== Raw data ==
↓↓↓

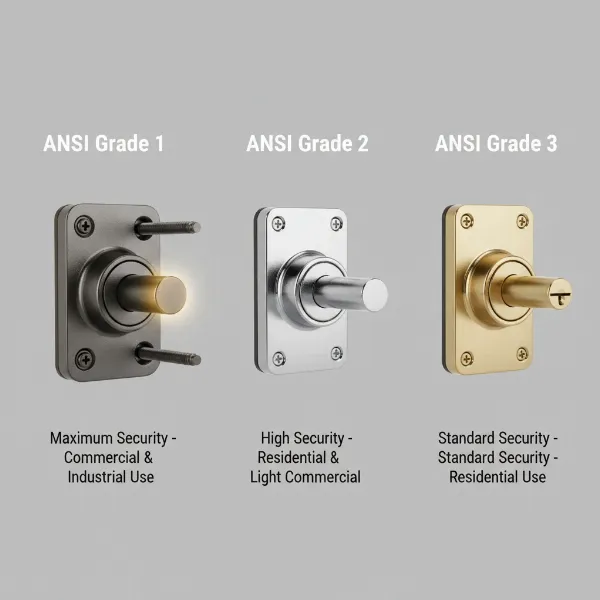 Visual comparison of ANSI lock grades: Grade 1, 2, and 3, highlighting differences in durability and security features.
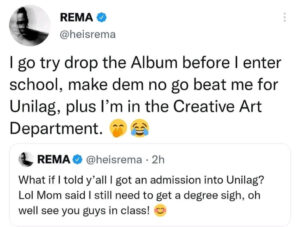 Rema to resume schooling in Unilag after his mother demands he gets a degree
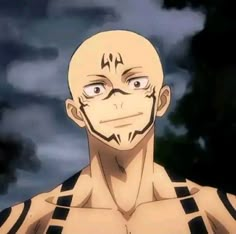 an anime character with white hair and black stripes on his face, staring at the camera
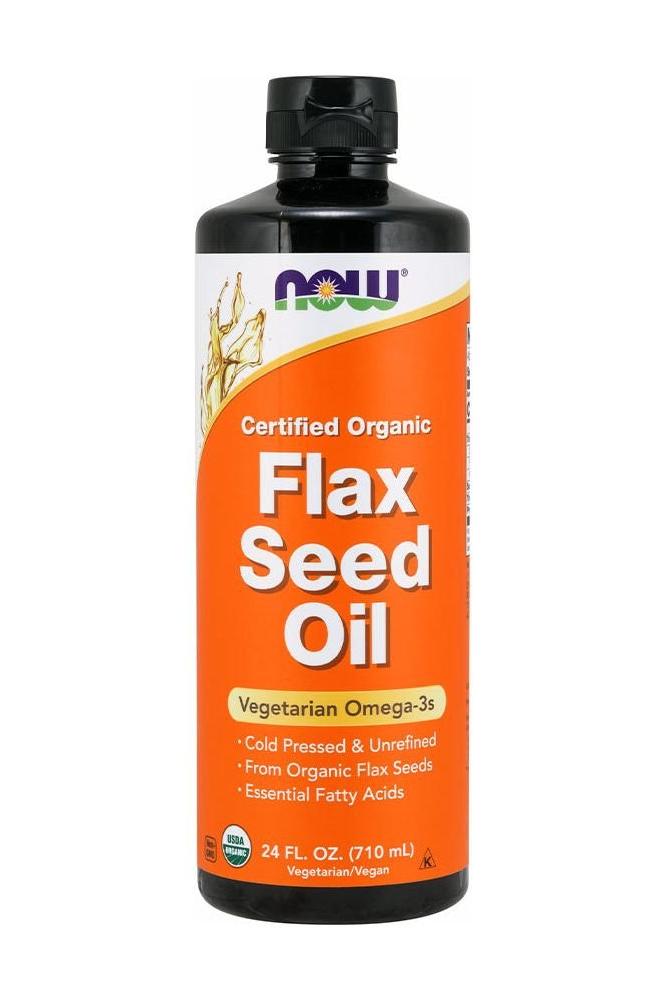 NOW Foods Organic Flax Seed Oil 24 oz bottle, cold pressed, non-GMO, rich in omega-3 fatty acids, vegetarian, unrefined.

↑↑↑

== Assignment ==
The result should be the full listing, retyped exactly and free of pictures.

== Written response ==
 Visual comparison of ANSI lock grades: Grade 1, 2, and 3, highlighting differences in durability and security features.
 Rema to resume schooling in Unilag after his mother demands he gets a degree
 an anime character with white hair and black stripes on his face, staring at the camera
 NOW Foods Organic Flax Seed Oil 24 oz bottle, cold pressed, non-GMO, rich in omega-3 fatty acids, vegetarian, unrefined.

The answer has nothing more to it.